Let \[ \begin{pmatrix}X_1\\X_2 \end{pmatrix}\sim N\left( {\mu_1\choose \mu_2}, \begin{pmatrix}\Sigma_{11}& \Sigma_{12}\\\Sigma_{21}& \Sigma_{22} \end{pmatrix}\right). \] Then, \(X_1\) and \(X_2\) are independent \(\iff\) \(\Sigma_{12}=\Sigma_{21}=0\).
If \(X\sim N_p(\mu, \Sigma)\) and \(A\Sigma B'=0\), then \(AX\) and \(BX\) are independent.

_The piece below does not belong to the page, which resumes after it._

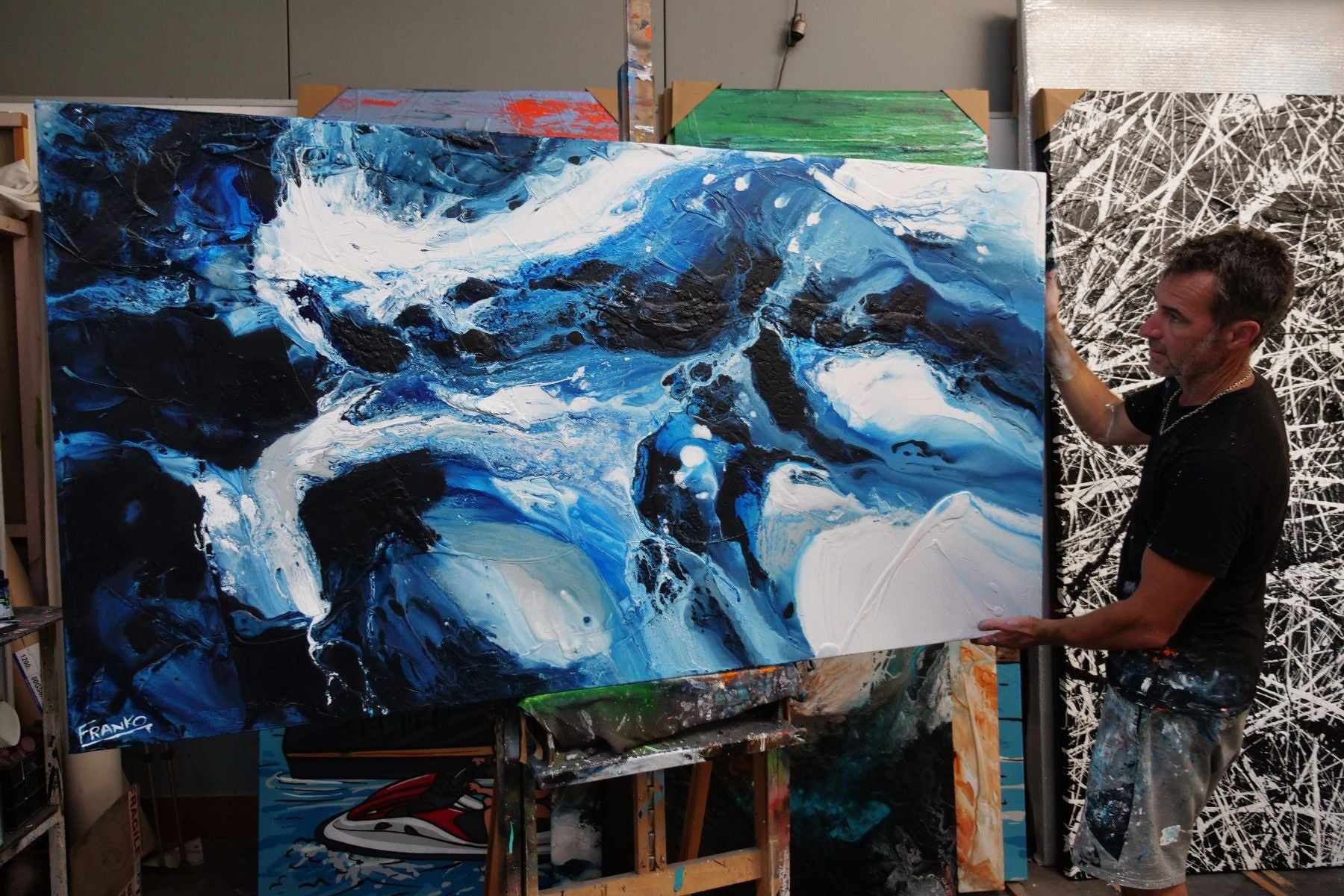 Hamptons Rush 190cm x 100cm Blue White Textured Abstract Painting (SOLD)-Abstract-Franko-[franko_artist]-[Art]-[interior_design]-Franklin Art Studio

\({AX \choose BX}\sim N \left( \begin{pmatrix} A\mu \\ B\mu \end{pmatrix}, \begin{pmatrix} A\Sigma A'& A\Sigma B'\\ (A\Sigma B')'& B\Sigma B'\end{pmatrix} \right)\).
\(\text{Cov}(AX,BX)= A\Sigma B'=0\iff AX\perp BX.\)
확장: If \(X\sim N_p(\mu, \Sigma)\) and \(A_1,\ldots,A_k\) saitsfy \(A_i\Sigma A_j'=0\) for \(i\ne j\), then \(A_1X\) and \(A_kX\) are independent.
Suppose \(Y\sim N(\mu,\sigma^2I).\) If \(P_1,\ldots,P_k\) are orthogonal projections satisfying \(P_iP_j=0\) for \(i\ne j\), then
\(P_1Y,P_2Y,\ldots ,P_kY\) are independent;
\(||P_1Y||^2,\ldots,||P_kY||^2\) are independent;
\(P_iY\sim N(P_i\mu, \sigma^2P_i)\).